Addison and I like to switch up “our song” every once in a while. Well, actually, we’ve only changed it once. Our first song was Jason Mraz’s “I’m Yours,” which I heard for the first time at a summer camp I worked at, not realizing it was a super popular song everywhere else. And when two coworkers started making out to it (at work nonetheless), we decided it was time for a change.

And thus, our song is “Stay with you” by the Goo Goo Dolls.

Not a normal pick, we know. But while most couples decide to get super gaga over each other with songs about how romantic and perfect life is, we find ourselves relating more to this song. We’ve been through a lot with long distance and other things that have come and gone in our lives. And wholeheartedly, we’ve had to rely on each other to really get through.

The first time I ever heard this song, Addison was driving us late at night and it had just rained. I don’t remember where we were going. It was only around town, and I was half asleep with my head up against the window watching what was left of raindrops fall. Addison started singing along to the radio softly, like he always does. It was this song. It’s stuck ever since.

Will we ever change our song again? Probably. But that’s how life is and so are relationships– always changing. I’m just glad I’ve found someone I can grow and change together with.

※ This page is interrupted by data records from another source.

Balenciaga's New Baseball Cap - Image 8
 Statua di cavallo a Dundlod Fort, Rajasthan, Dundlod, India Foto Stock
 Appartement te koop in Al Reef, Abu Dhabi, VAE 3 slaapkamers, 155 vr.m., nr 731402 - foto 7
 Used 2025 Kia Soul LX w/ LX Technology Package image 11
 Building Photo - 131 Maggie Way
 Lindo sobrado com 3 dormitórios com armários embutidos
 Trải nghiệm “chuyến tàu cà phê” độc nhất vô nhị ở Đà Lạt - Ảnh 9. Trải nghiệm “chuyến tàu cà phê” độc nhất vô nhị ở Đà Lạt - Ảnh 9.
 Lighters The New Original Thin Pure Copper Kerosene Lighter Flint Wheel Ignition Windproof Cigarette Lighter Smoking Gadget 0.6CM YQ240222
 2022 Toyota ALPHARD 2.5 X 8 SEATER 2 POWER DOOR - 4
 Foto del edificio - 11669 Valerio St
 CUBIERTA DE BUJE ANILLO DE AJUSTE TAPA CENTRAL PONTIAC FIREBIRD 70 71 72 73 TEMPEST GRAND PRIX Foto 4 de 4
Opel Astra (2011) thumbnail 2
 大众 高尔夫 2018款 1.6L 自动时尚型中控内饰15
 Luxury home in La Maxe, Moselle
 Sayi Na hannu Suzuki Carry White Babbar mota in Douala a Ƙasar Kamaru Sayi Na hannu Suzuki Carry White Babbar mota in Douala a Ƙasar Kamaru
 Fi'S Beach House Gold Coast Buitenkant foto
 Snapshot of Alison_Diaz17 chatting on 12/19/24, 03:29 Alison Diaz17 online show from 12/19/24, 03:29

“Stay With You” by the Goo Goo Dolls

These streets
Turn me inside out
Everything shines
But leaves me empty still
And I’ll, burn this lonely house down
If you run with me
If you run with me

I’ll stay with you
The walls will fall before we do
Take my hand now
We’ll run forever
I can feel the storm inside you
I’ll stay with you

Fooled by my own desires
I twist my fate
Just to feel you
But you, turn me toward the light
And you’re one with me
Will you run with me?

I’ll stay with you
The walls will fall before we do
Take my hand now
We’ll run forever
I can feel the storm inside you
I’ll stay with you

Now come in from this storm
I taste you sweet and warm
Take what you need
Take what you need
From me

Wake up this world
Wake up tonight
And run with me
Run to me now

I’ll stay with you
The walls will fall before we do
Take my hand now
We’ll run forever
I can feel the storm inside you
I’ll stay with you

That “one moment”

Taylor Swift just came on the radio with “Mine.” Now, I know everyone has their own tastes in music but bare with me for a moment. I actually really like this song, not just because I love Taylor Swift, but because I believe that every relationship has that one moment you always look back on when times are rough.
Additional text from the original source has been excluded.